I often look at the current culture around me and wonder how people a thousand years in the future will view us. In one respect, I may not have to wonder any more.
In a move that is reminiscent of oral tradition, businesses are realizing the strength of pooling the collective knowledge of employees into a technological resource to be accessed by everybody. The knowledge possessed by one person is retained after they leave the company, and can then be learned by someone who may never have known the first person by accessing the technological resource that the first person’s knowledge has been stored in. This process is known as knowledge management.
This is not all that dissimilar from the revered storytellers, druids, and clerics of the past. These community figures gathered knowledge from many, sometimes diverse, sources, and then passed that knowledge on to apprentices, bards, and initiates, who in turn passed it on. It’s the way we preserved so much of human history. The human touch makes it that much more powerful because it gives the information relevance.
Knowledge management starts with that same human component, but then incorporates a contemporary twist by using an electronic database (because we all know and understand that a library of history books is just as valid a database as anything on a computer).
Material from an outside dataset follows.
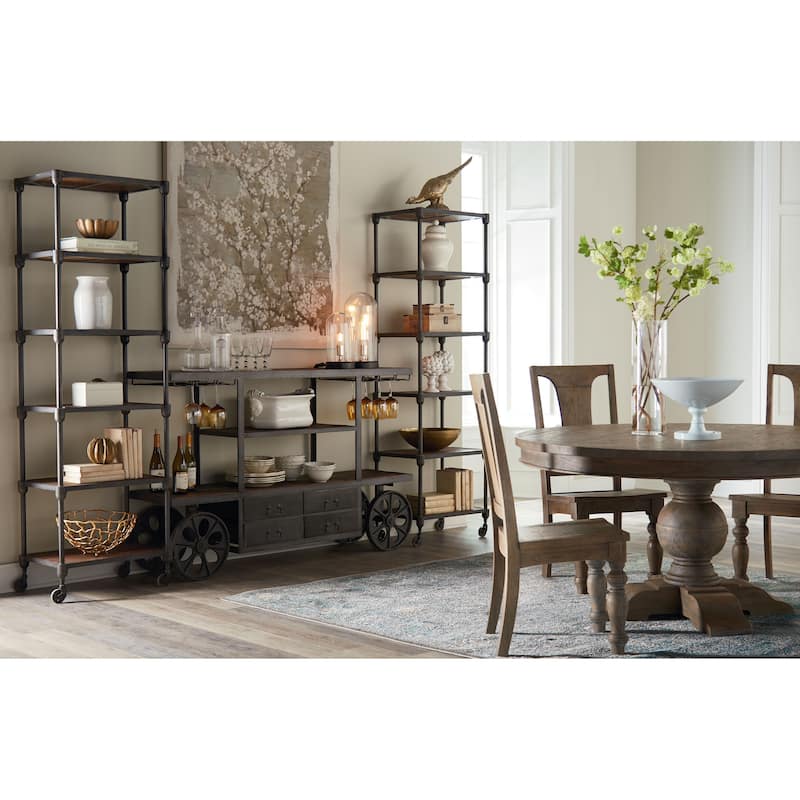 Copper Grove Abenberg Weathered Mango Round Dining Table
It would appear at this point that the information loses its humanity at this point, when in fact, it does not. One of the nice features of knowledge management is that the stored information can then be disbursed through electronic means, or through personal contact.
In a thousand years, when anthropologists look at us, will they look at this new take on an ancient practice and see it as part of the oral tradition continuing in a modern form? Will they see this as a further dehumanizing of the human race? Will they thank us for working to preserve what we knew? Will these attempts to archive what we know survive the thousand years to be discovered and analyzed?